What resolves it — and what doesn’t

For the person whose boredom comes from an under-stimulated mind that needs external input, the solution really is external: do something, see someone, change the environment. Fill the space with enough incoming information and the boredom recedes.

For the highly engaged mind, this strategy often doesn’t work, or works only partially and temporarily. Scrolling through a phone in a boring meeting doesn’t resolve the frustration — it just creates a parallel low-grade engagement that keeps the mind occupied without satisfying it. Talking to people who aren’t saying anything interesting doesn’t resolve it either. What tends to actually resolve the specific boredom of a cognitively hungry mind is complexity: a problem worth solving, an idea worth examining, a conversation that goes somewhere unexpected. Not more stimulation but richer stimulation.

This is why highly intelligent people often find that environments others experience as demanding and overwhelming — a fast-moving conversation full of tangents, a problem with many interlocking moving parts, a subject that takes sustained effort to understand — register to them as engaging rather than stressful. The complexity is what they need. The cognitive demand, paradoxically, is what makes it restful.

The restlessness that follows them through life

What this often produces, over a lifetime, is a recurring pattern.
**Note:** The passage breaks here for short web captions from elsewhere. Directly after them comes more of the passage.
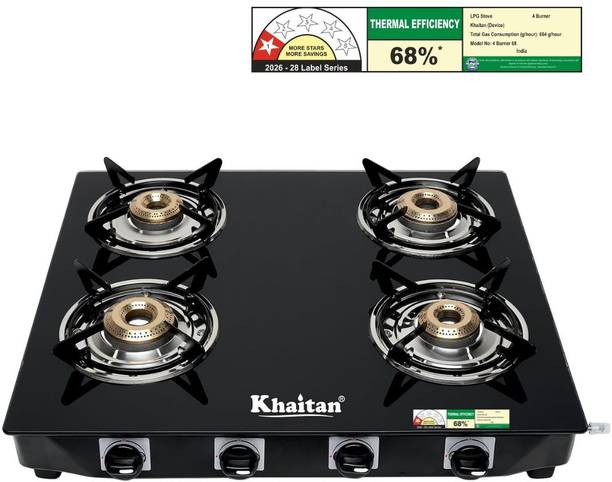 Khaitan 4 Burner Active Forged Black Toughened Glass Manual Gas Stove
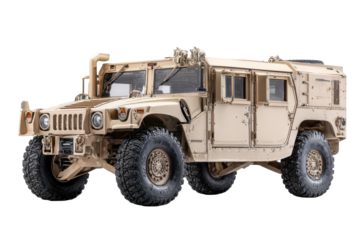 Desert Tan Military Humvee on Transparent Background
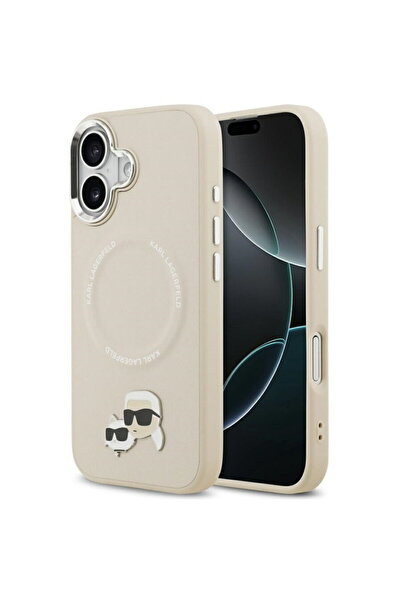 Karl Lagerfeld Husa iPhone 17 - Piele K&C Pins MagSafe (KLHMP17SPSMLRKCE) - Bej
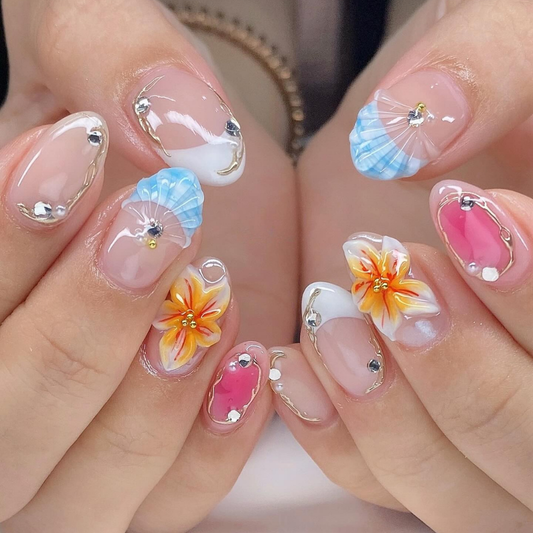 Coastal Bloom cat-eye velvet press-on nails - almond shape, front view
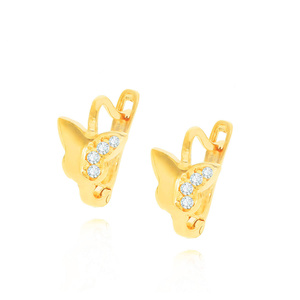 Złote kolczyki motylki 585 z cyrkoniami angielskie zapięcie 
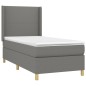 Boxspringbett mit Matratze Dunkelgrau 90x190 cm Stoff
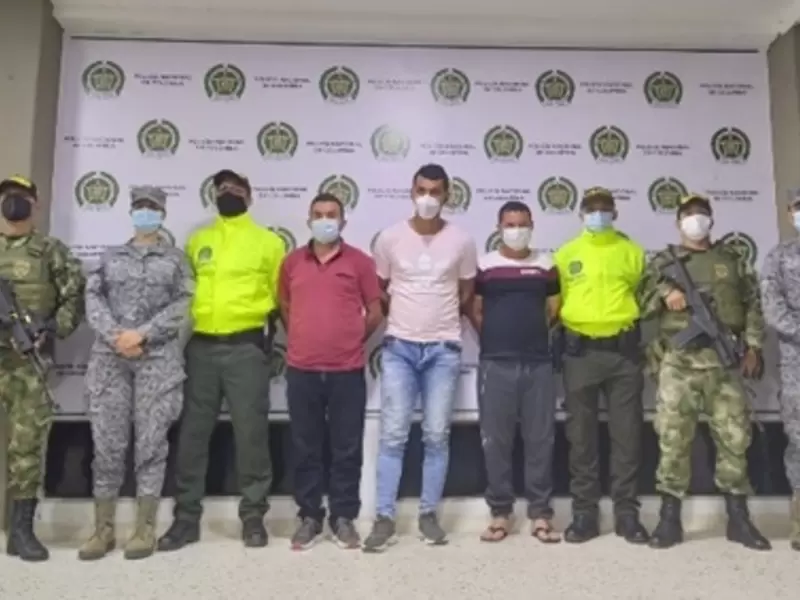 Los Tres hombres fueron capturados por la policía nacional por presuntamente pertenecer al frente ‘Camilo Torres Restrepo’ del ELN.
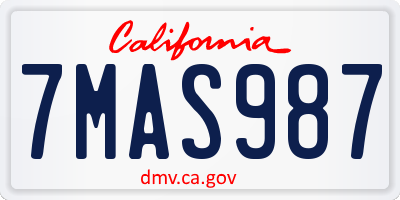 CA license plate 7MAS987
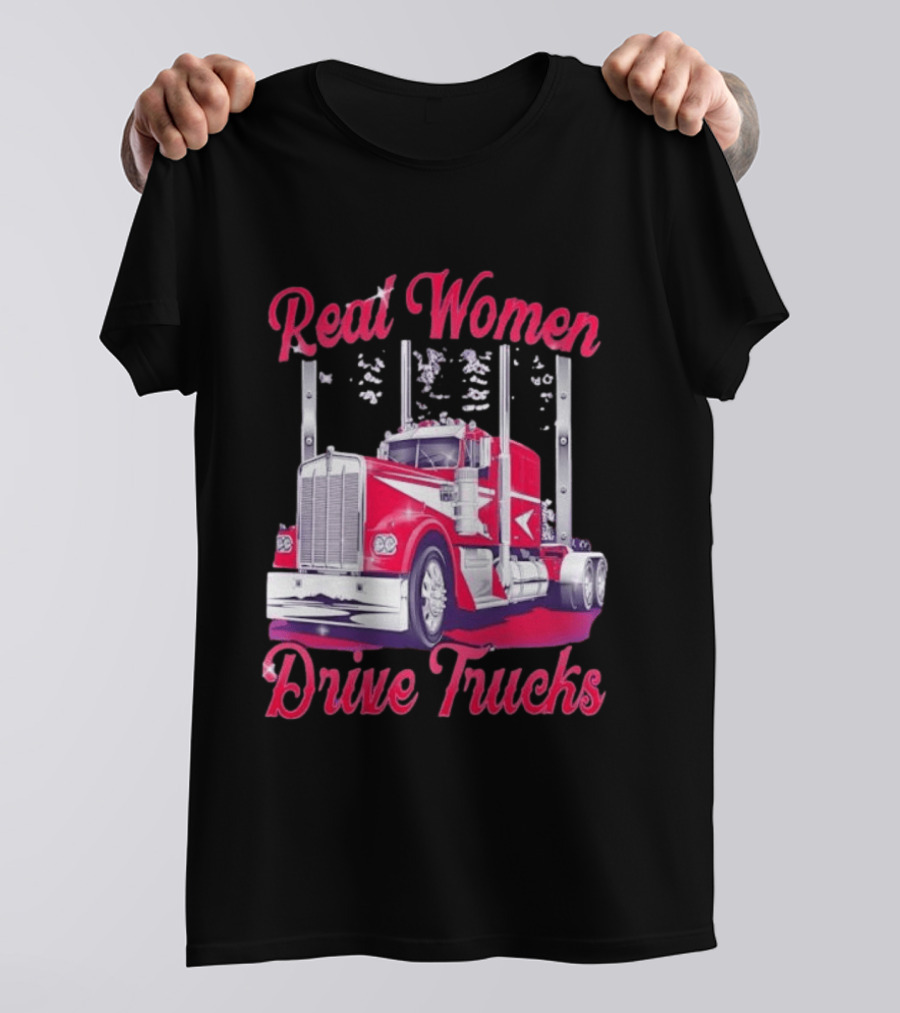 Real Women Drive Trucks Semi Truck With Flowers T-Shirt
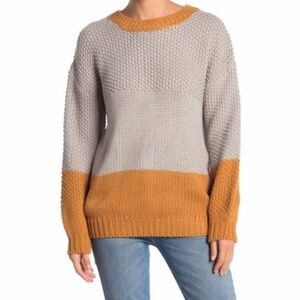 Elodie Colorblock Knit Gray and Mustard Marigold Sweater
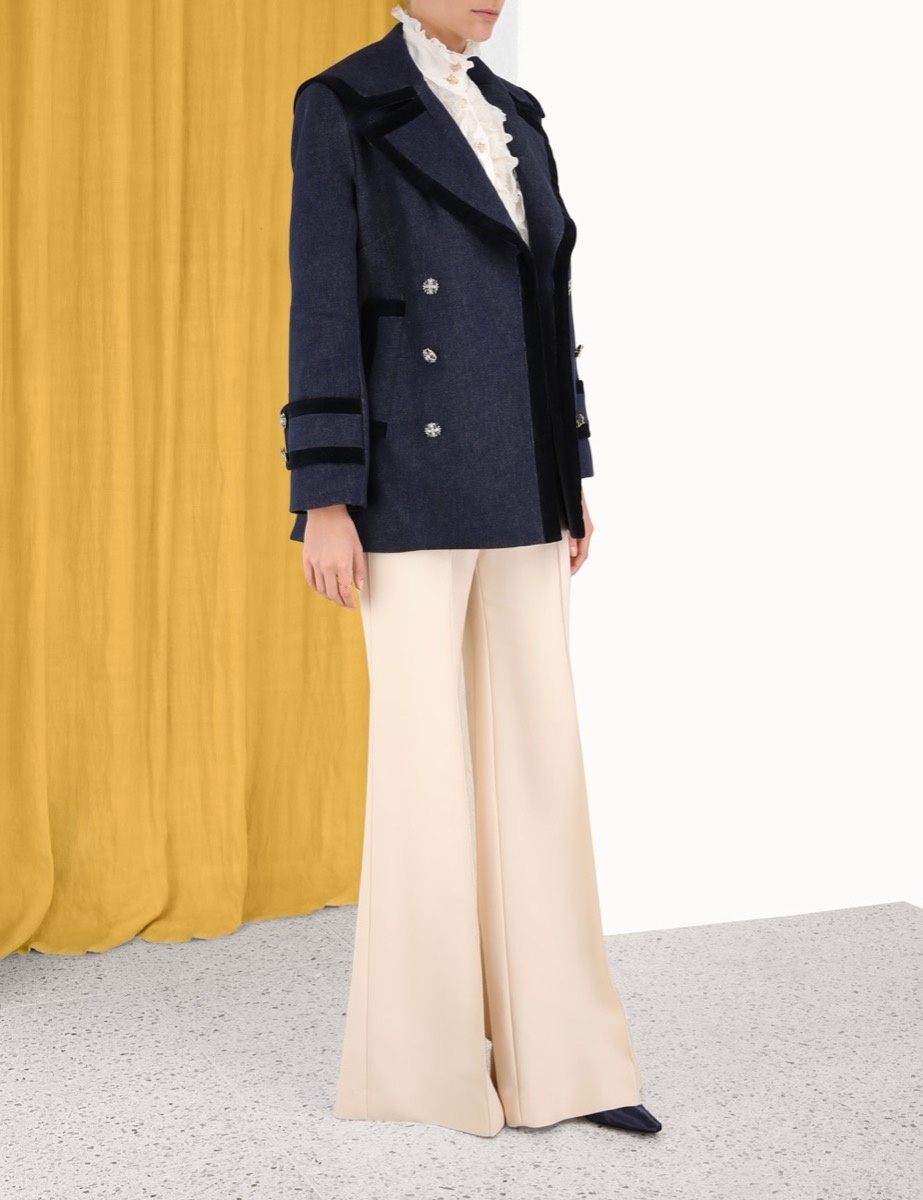 KALEIDOSCOPE DENIM PEACOAT - 3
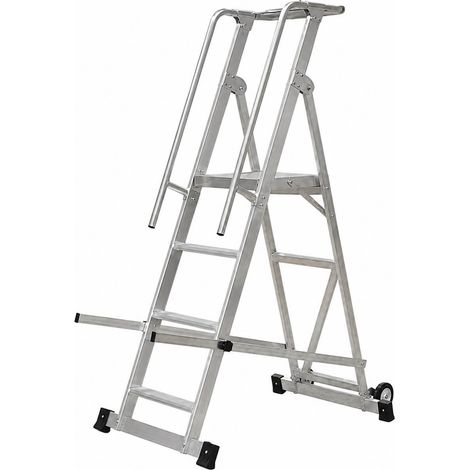 Escalera de Almacén Plegable de Alumino ALX PL de 4 Peldaños (1/5)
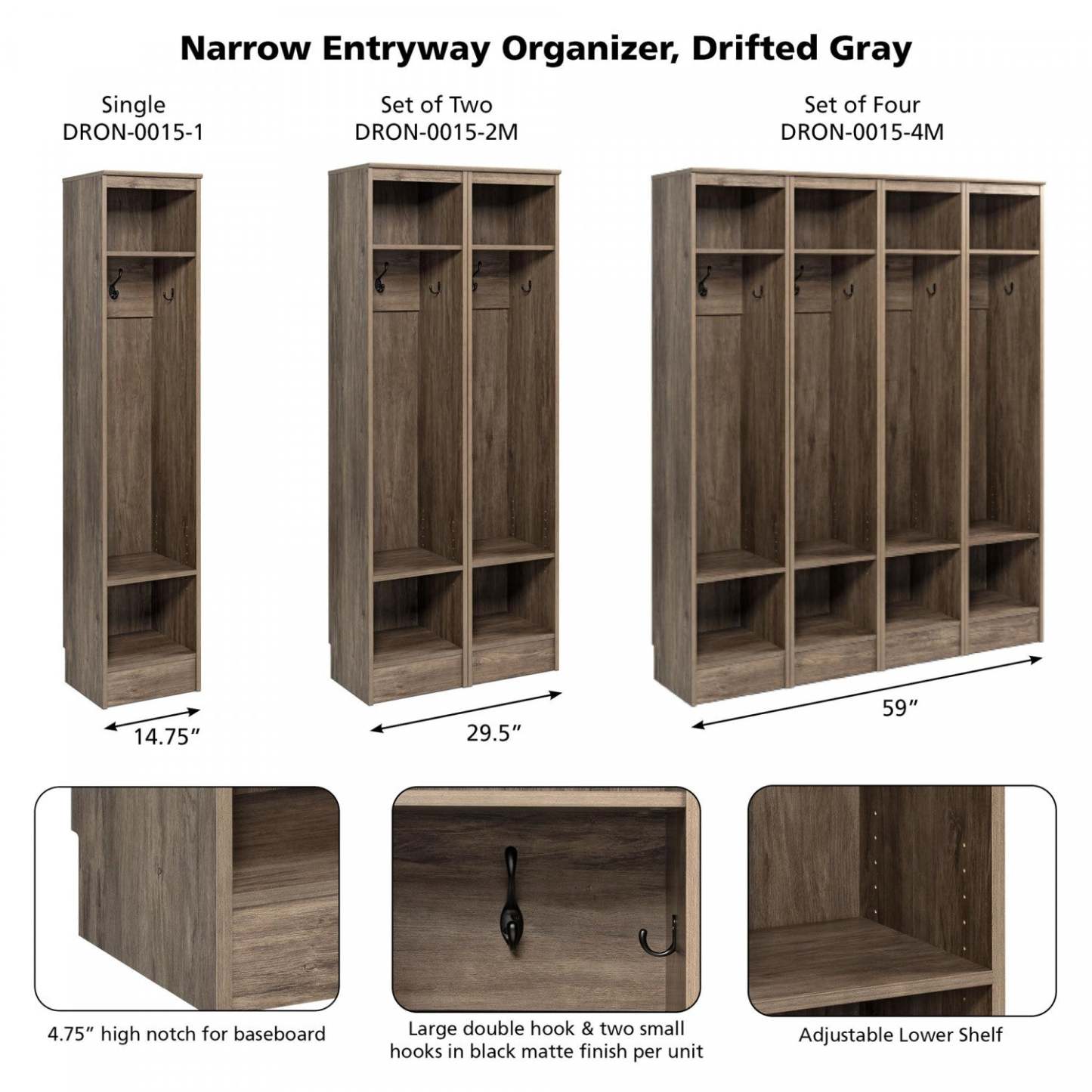 Narrow Entryway Organizer - Drifted Grey|Meuble étroit pour organiser l'entrée - gris délavé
The highly intelligent person finds something new — a subject, a job, a relationship, a challenge — and the initial period of genuine engagement is absorbing and energizing. Then they master the basic territory. The problem is largely solved or the skill is largely acquired. And the boredom creeps back in, because the complexity that was feeding their mind has been reduced by their own competence.

From the outside, this can look like instability, lack of commitment, or difficulty with contentment. From the inside it is experienced as restlessness without a clear cause — a nagging sense that what they’re doing isn’t quite enough, without being able to identify what “enough” would look like. They may change direction frequently, or add layers of complexity to existing situations, or find themselves most alive in the messy beginning phases of projects and progressively less engaged as things become more ordered and predictable.

Psychology doesn’t frame this as a problem with intelligence. It frames it as a natural consequence of having a high need for cognition in environments that weren’t designed with that appetite in mind. Most environments are not optimized for the cognitively hungry. Most jobs have significant stretches of the repetitive and the resolved. Most social situations don’t sustain sustained intellectual engagement. The person with a high cognitive appetite moves through the world slightly hungry much of the time, and often doesn’t fully understand why.

What helps, according to the research, isn’t changing the appetite. It’s understanding it clearly enough to make better choices about how and where to feed it — and to stop interpreting the hunger itself as something that needs to be fixed.